The day arrived and Jess generously schlepped me across the valley to the Black Rock Canyon TH to start things off. It was breezy, chilly and socked in with fog and after making sure the SPOT device and my watch were ready I set off around 8:15am. The first 6 miles consist of a gradual ascent mostly in a wash with numerous side trails. Things were well marked along the entire route, but it was very reassuring to have a GPX route to follow at each junction (Trail Run Project app for the win!). On the first descent I looked down and surprised myself with how quickly I was moving despite the pack weight, clicking off seven minute miles. I reminded myself that the goal was to save it for the final descent so I backed off a bit. The descent leading to the third climb was really fun technical running and the fog was really heavy making for an intense sensation of isolation and solitude. I turned on some music to put the mountain lion fears on the back burner and alternated between power hiking and shuffling up the steep third climb. Near the top I saw a coyote disappear into the mist beside the trail.
The miles leading to Keys View Road were fast and pretty flat with some wash crossing but mostly great single track. I saw one backpacker headed towards Black Rock Canyon and by the time I reached Keys View Road the clouds were starting to lift and the enormity of the Park was becoming evident. I focused on each mini-goal of reaching the road crossings on my split sheet and at each one I found that I was gaining more and more time on my 5:40 goal. By the time I reached Geology Tour Road in 3 hours and 47 minutes I knew I could probably come close to running a 5 hour time (requiring me to run the last 11 miles around 6:30 pace). The final miles were such great running with beautiful rock formations, rabbits and hares scampering off as I passed and a steady 2-3% downhill grade on mostly firm packed gravel. I pushed the pace and let my heart rate rise 3-4 beats per minute higher than I had been holding it at all day to try and go under 5 hours. As the miles clicked by the downhill grade felt like it was getting more and more level as my legs fatigued, but I managed to keep my pace right around 7 minutes/mile and my water ran out with about 1/4 of a mile to go. The final tiny uphill was hilariously demoralizing as I slowed to a crawl, but I reached the North Entrance TH in 5 hours and 8 minutes. I wandered around pontificating to my phone for a couple minutes, turned off the SPOT device and did a little video of me running in to grab some screen shots. I didn’t see Jess at the trailhead and knew she might still be out hiking for a while, but she saw that I was done on the SPOT device and texted me. After some confusion about where I was (there are trailheads on both sides of the road at the North Entrance TH), I waddled out to the road and she picked me up. We drove back to Joshua Tree and chowed down at the Natural Sisters Cafe on cashew smoothies, quinoa burgers and other plant-based hippy-dippy fare.

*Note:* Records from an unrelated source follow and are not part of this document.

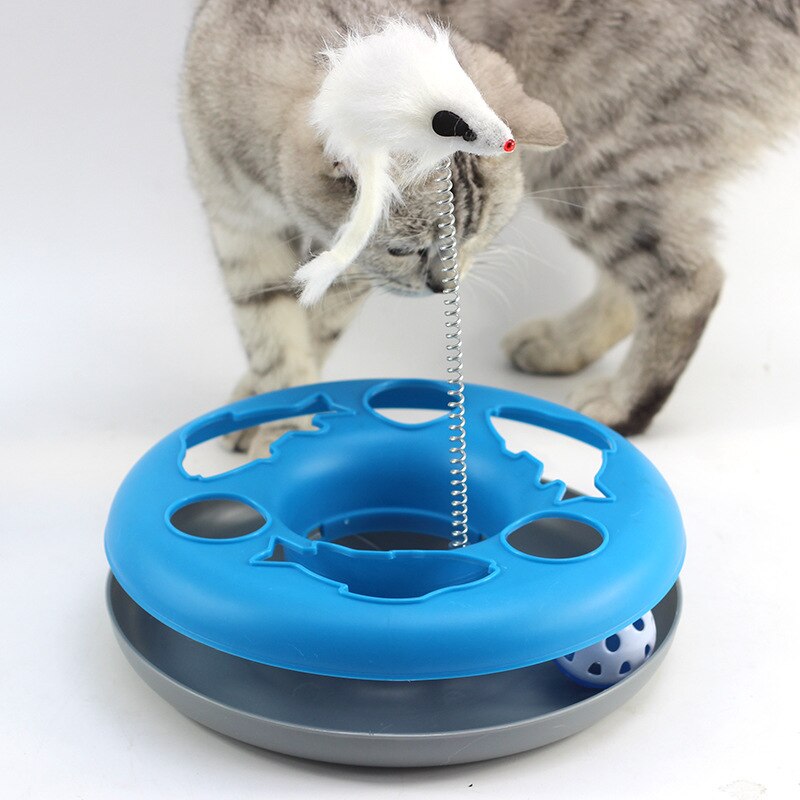 Brinquedo de treinamento do gato da mola do rato única camada placa de diversões gatos treinamento plataforma giratória interativa brinquedos suprimentos para animais estimação: blue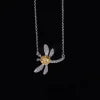 Gemfiori AN063 Abiding Cute Insect Dragonfly Fancy Vivid Yellow Cubic Zirconia 925 Sterling Silver Dragonfly Pendant Necklace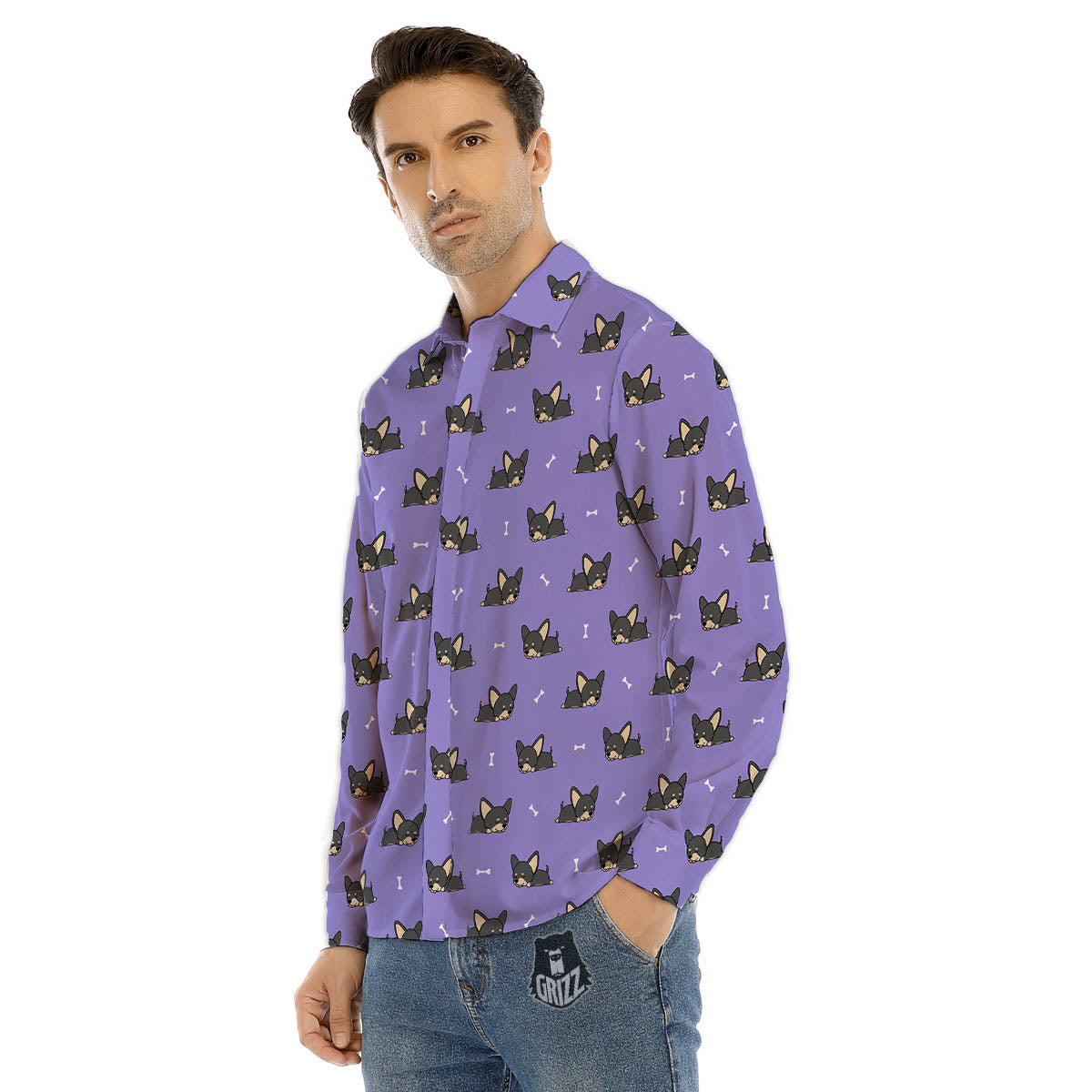 Puppy Chihuahua Print Pattern Men's Dress Shirts-grizzshop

Some photos and a vomit-inducing video:
Need a gimbal…working on it. Until then, here is some video I shot while running and breathing heavily on the trail.
GPX file link: Joshua Tree Traverse GPX file on Google Drive
Spot Device Data: SPOT Tracker Link
A bit of kit: Swiftwick team shirt, Swiftwick Maxus One Socks (so cushy!), BOCO/nuun Run Endurance Hat, Altra Superior 2.0 shoes (with the rockplates), Ultimate Direction AK 2.0 Vest and Mono Belt, iPod shuffle and Yurbuds, Smith Pivlock Arena Max sunglasses (not really necessary…), a steady diet of Honey Stinger Chews, Honey Stinger Gels and Nuun. SPOT tracker, Garmin Fenix 3, iPhone 6s for evidence gathering.